Thermodynamic study of complex formation by hydrogen bonding in halogenoalkane–oxygenated solvent mixtures. Halothane with propyl ether, isopropyl ether, 1,4-dioxane and 2,5-dioxahexane

Abstract

Vapour–liquid equilibria (VLE) for binary mixtures of halothane with propyl ether (PE), isopropyl ether (IPE), 1,4-dioxane (DOX) and 2,5-dioxahexane (monoglyme)(G1) have been measured at 293.15 K using a gas chromatographic headspace analysis method. Excess molar heat capacities and excess molar volumes at 298.15 K were also measured for halothane–G1. Complex-formation equilibria for these four halothane–oxygenated solvent mixture have been analysed in detail using several association models. The data reported here, together with previously published excess enthalpies and excess heat capacities, have been correlated using a multiproperty global fitting procedure. The thermodynamic properties for halothane–PE and –IPE are best correlated using the ideal association model while for halothane–DOX and –G1 the best model is the athermal solvation model where the Flory–Huggins expression for the activity coefficients is considered. In halothane–PE and –IPE mixtures there are only 1:1 H-bonded complexes while for halothane–DOX and –G1 the 2:1 complexes are also present. The model parameters, i.e. the equilibrium constants, enthalpies and heat capacities of complexation were found to be reliable, truly representing the halothane–oxygenated solvent H-bonded complexes. Enthalpies of complexation were also calculated using quantum mechanical methods and found to be in good agreement with those obtained from thermodynamics. Previously, we have presented an analogous thermodynamic study for mixtures of halothane with four other oxygenated solvents viz. acetone, methyl acetate, tetrahydrofuran and methyl tert-butyl ether. Here, a comparative analysis of the thermodynamic behaviour of the eight halothane–oxygenated solvent mixtures is presented. It was found that the enthalpy for the complexation reaction A + B ⇔ AB correlated with the oxygen surface area per H bond as given by PC MODEL calculations.

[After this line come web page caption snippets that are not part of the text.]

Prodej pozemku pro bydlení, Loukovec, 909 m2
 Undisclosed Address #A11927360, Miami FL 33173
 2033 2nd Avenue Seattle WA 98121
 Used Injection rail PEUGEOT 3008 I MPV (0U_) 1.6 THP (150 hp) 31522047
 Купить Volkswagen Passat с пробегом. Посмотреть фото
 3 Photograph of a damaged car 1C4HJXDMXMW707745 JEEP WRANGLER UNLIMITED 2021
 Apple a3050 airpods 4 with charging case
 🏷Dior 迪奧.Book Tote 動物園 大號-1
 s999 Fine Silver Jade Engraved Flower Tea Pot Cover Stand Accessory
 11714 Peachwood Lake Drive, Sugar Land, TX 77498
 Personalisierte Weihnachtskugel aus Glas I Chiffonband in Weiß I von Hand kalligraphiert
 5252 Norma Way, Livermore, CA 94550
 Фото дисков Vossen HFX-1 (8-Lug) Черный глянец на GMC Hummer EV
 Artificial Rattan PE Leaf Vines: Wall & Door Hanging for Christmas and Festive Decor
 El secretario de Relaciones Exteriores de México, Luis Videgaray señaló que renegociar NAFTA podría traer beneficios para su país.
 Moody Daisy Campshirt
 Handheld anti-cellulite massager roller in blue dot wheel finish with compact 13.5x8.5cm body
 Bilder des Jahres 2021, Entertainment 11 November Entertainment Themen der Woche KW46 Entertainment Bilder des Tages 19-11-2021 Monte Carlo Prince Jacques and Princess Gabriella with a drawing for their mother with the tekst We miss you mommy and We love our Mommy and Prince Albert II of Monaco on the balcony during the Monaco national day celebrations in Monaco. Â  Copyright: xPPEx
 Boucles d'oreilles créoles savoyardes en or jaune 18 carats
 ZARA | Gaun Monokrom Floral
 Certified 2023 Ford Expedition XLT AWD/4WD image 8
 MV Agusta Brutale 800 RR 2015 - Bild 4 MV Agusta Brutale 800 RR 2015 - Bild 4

Finally, a clear correlation between the solvent Kamlet–Taft β parameter (H-bonding acceptor ability) and equimolar G^E, H^E, TS^E and TC^E _p was found: as β increases G^E, H^E and TS^E are seen to become more negative and TC^E _p more positive, i.e. as the basicity of the solvent increases the halothane–oxygenated solvent H bonds are stronger and the degree of organization or order in solution increases. This correlation might be used to make rough estimates of the excess functions for other halothane–oxygenated solvent mixtures.